When Waterford's Jordan Casey takes to the stage to present his technology business, he jumps onto the platform rather than walking up the access ramp.
Entrepreneurial energy? Yes, but also adolescent enthusiasm. Casey, keynote speaker at a conference on European youth in business, turned 15 in November.
The young Irish entrepreneur has often been reported to be Europe’s youngest chief executive, a status that among other honours has won him invitations to meet EU economic officials in Brussels.
“I feel I’ve got a headstart,” Casey tells the audience here, a group of 200 or so teenage achievers, some of them intent on breaking through what many consider European obstacles to business. “In 10 years, I will be 25 and I will already have 13 years’ experience working in the industry, so that is kind of cool.”
Potential hurdles to the young and business-minded discussed during the three-day conference are a rigid education system in many of the EU’s 28 member states, a cultural aversion to risk-taking in some parts of the region and a stagnant economy in which youth unemployment is a pressing social problem.
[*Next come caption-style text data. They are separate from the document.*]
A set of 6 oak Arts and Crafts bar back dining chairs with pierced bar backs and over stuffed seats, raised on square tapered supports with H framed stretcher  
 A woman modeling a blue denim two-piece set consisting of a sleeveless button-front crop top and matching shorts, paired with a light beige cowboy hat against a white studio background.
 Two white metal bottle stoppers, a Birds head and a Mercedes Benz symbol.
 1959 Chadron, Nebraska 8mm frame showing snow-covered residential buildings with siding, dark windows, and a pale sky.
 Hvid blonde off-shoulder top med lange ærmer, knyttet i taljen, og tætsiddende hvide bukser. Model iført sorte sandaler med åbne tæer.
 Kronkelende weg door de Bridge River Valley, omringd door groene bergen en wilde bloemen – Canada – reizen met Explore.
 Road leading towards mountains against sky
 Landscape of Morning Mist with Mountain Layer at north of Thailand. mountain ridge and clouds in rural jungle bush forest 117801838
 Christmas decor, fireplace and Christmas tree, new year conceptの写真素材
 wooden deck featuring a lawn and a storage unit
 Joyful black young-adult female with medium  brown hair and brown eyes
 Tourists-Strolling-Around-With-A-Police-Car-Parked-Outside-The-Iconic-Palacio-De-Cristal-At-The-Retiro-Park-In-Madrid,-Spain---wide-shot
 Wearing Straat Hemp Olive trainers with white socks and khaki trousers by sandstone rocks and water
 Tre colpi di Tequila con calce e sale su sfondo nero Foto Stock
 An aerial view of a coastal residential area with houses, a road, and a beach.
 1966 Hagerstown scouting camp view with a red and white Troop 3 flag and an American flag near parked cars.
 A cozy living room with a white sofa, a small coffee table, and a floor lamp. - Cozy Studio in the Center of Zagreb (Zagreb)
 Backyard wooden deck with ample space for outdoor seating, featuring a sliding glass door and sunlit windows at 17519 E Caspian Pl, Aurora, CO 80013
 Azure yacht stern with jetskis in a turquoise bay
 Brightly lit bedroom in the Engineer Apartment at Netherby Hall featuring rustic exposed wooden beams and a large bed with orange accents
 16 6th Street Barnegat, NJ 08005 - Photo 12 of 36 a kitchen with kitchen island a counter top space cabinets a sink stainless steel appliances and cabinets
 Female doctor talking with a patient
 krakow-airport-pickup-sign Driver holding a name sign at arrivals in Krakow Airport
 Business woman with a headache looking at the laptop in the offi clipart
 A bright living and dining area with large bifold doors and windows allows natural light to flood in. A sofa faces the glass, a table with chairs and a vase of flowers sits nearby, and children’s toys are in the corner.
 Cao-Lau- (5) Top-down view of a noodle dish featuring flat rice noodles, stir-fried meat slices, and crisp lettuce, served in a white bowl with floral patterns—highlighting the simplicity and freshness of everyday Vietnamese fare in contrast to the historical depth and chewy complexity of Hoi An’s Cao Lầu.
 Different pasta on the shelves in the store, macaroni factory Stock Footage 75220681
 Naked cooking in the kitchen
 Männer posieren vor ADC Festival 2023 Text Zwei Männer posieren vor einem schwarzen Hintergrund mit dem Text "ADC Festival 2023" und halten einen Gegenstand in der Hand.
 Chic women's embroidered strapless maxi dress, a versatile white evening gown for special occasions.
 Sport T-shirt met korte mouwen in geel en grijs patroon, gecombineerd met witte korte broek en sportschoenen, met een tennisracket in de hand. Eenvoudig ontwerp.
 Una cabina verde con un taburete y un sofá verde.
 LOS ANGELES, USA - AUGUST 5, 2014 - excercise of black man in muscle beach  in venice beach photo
The role of speakers such as Casey is to provide can-do pep talks.
“I don’t know if I’m still Europe’s youngest chief executive, but I certainly feel I’ve got a headstart,” Casey says later in an interview. “I can’t be doing as much work as I like to, because I sort of have to go to school as well, play football and be a kid.”
Topped the charts
He started computer programming when he was 9. He then developed a game called
Alien Ball vs
Humans
that topped the charts in the
Apple
Store in
Ireland
. In 2012, he registered his first company,
Casey Games
, with a staff of two “who also didn’t find it easy to work because of all the school exams”. Since then, he has begun two business apps, one for teachers and one for event organisers, while continuing to attend secondary school in
Waterford
.
Notably, one prospect the young entrepreneur does not find enticing is attending third-level. “I really don’t see what university could teach me that I can’t learn for free immediately,” he says. “There are a lot of skills that you can learn yourself and just by using the internet.”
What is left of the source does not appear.